▸ **Exercise details**: The copy you return must match the listing word for word and carry no pictures.

▸ **Data section**:
▶

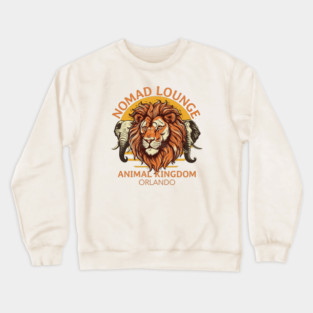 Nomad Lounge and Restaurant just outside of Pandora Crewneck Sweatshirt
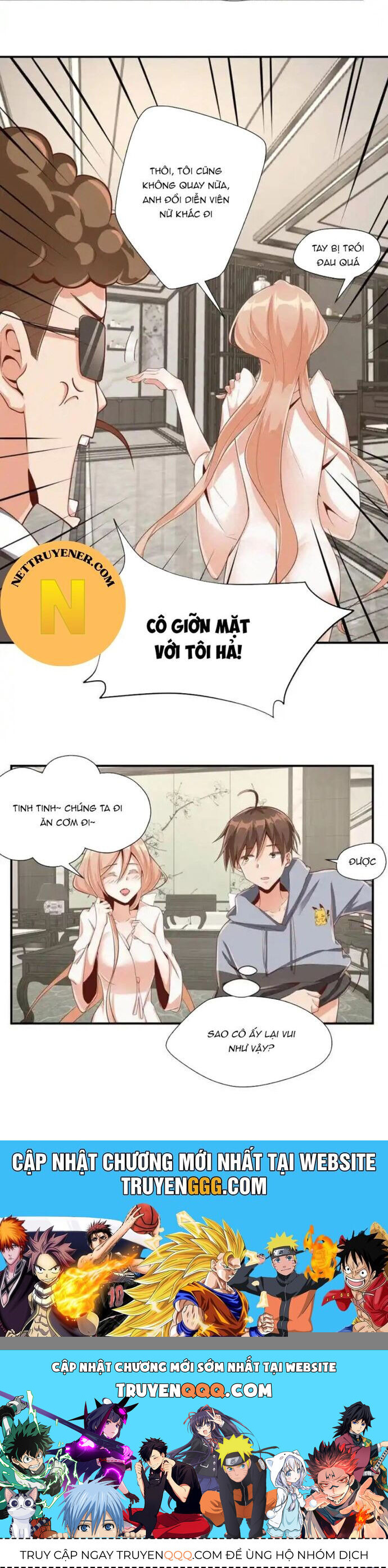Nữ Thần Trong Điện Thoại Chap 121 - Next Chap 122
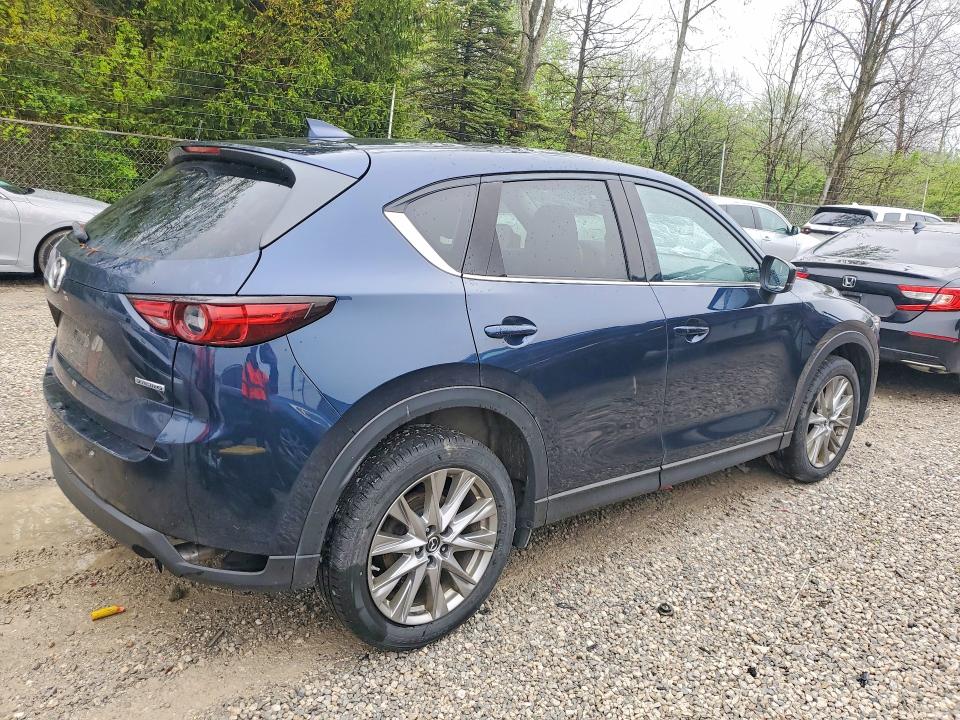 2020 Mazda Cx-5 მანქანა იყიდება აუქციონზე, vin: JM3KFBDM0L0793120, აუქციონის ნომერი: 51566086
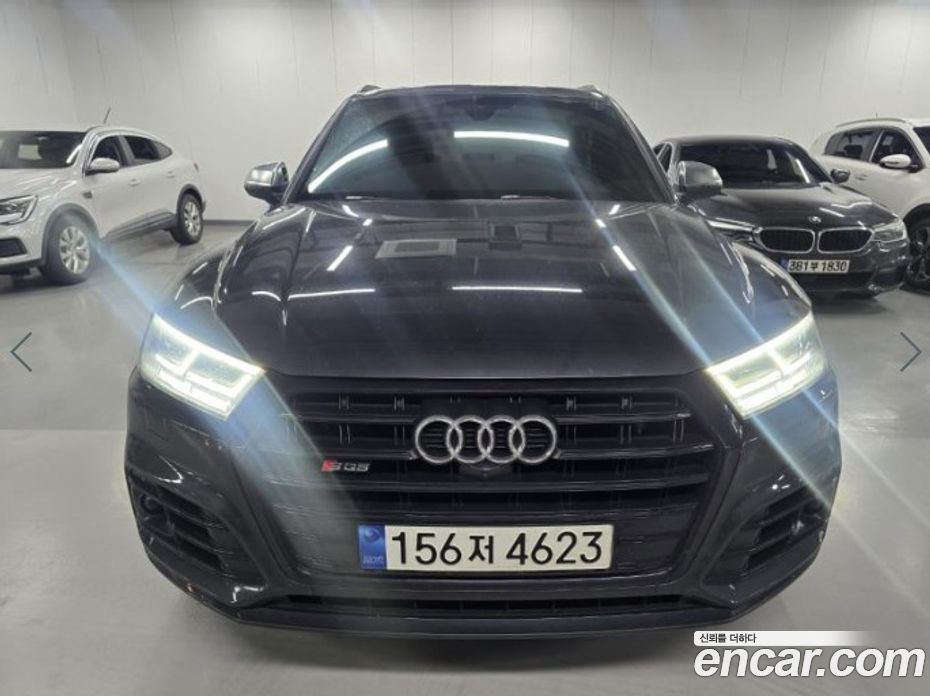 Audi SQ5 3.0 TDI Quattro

◀

▸ **Reply to the task**:
 Nomad Lounge and Restaurant just outside of Pandora Crewneck Sweatshirt
Nữ Thần Trong Điện Thoại Chap 121 - Next Chap 122
 2020 Mazda Cx-5 მანქანა იყიდება აუქციონზე, vin: JM3KFBDM0L0793120, აუქციონის ნომერი: 51566086
 Audi SQ5 3.0 TDI Quattro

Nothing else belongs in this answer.